• _Supplied entries_:
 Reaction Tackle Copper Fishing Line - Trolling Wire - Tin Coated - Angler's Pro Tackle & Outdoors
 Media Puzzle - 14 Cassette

---

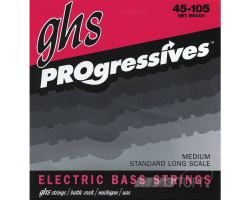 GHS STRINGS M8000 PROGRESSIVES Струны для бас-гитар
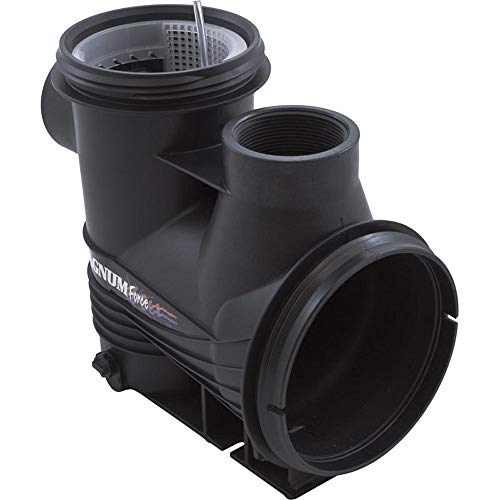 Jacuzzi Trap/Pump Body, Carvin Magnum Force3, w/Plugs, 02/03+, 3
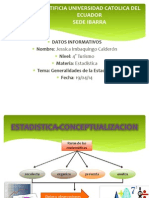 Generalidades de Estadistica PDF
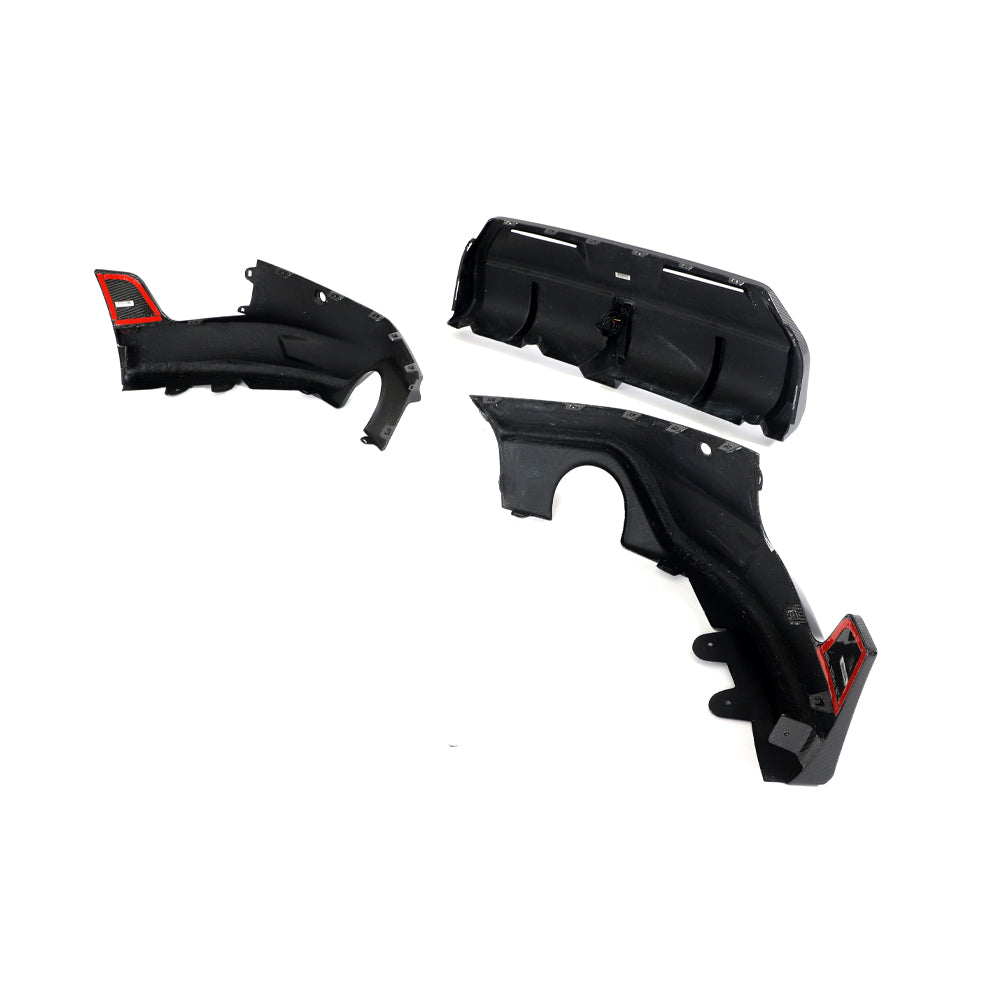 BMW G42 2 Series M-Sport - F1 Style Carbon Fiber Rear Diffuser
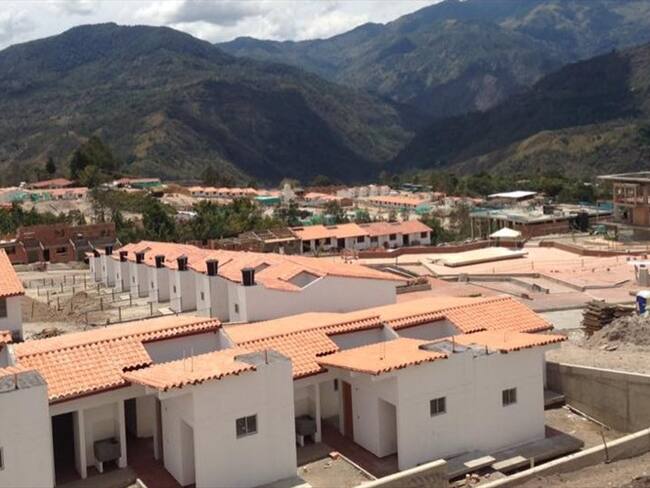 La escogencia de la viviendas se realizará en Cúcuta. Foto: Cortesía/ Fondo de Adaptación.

* * *

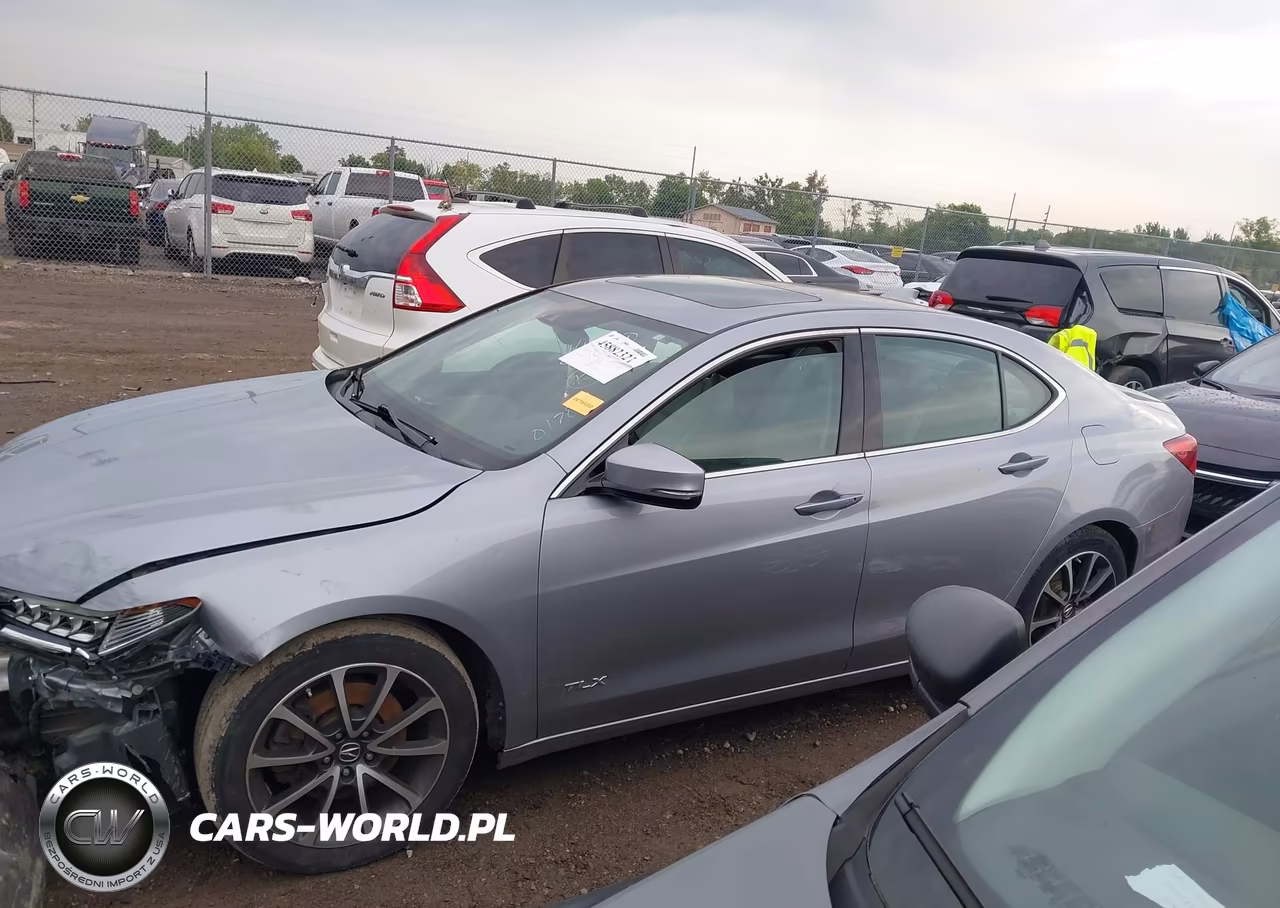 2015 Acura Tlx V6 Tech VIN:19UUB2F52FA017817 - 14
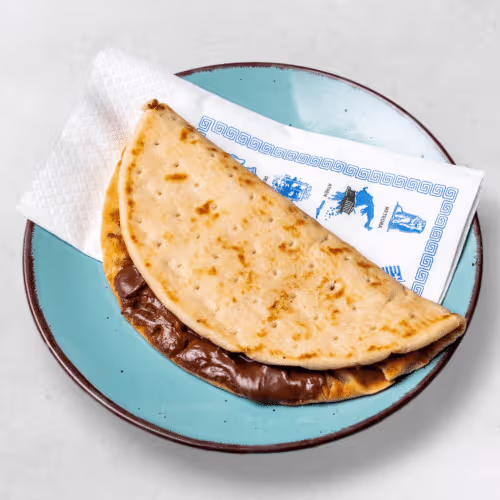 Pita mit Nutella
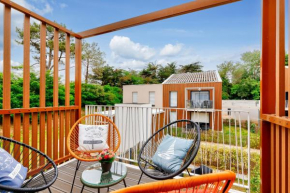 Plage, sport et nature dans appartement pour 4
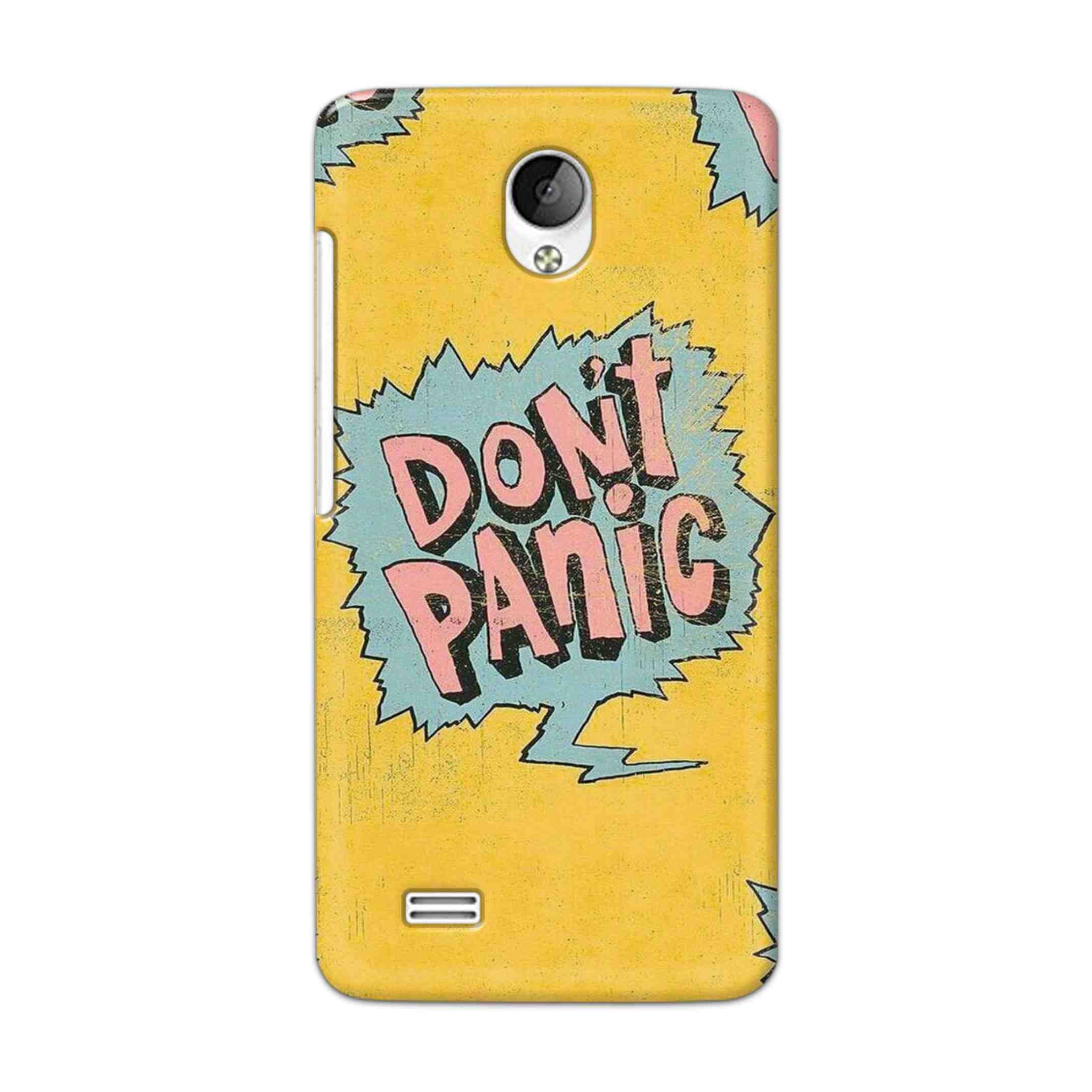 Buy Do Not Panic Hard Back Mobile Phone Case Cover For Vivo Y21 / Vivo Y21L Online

• _Work instructions_: Take the entries above and copy exactly the lines starting at the one with "Generalidades de Estadistica PDF" and ending at the one with "La escogencia de"; nothing outside that span, and no pictures.

• _Response for this exercise_:
 Generalidades de Estadistica PDF
 BMW G42 2 Series M-Sport - F1 Style Carbon Fiber Rear Diffuser
 La escogencia de la viviendas se realizará en Cúcuta. Foto: Cortesía/ Fondo de Adaptación.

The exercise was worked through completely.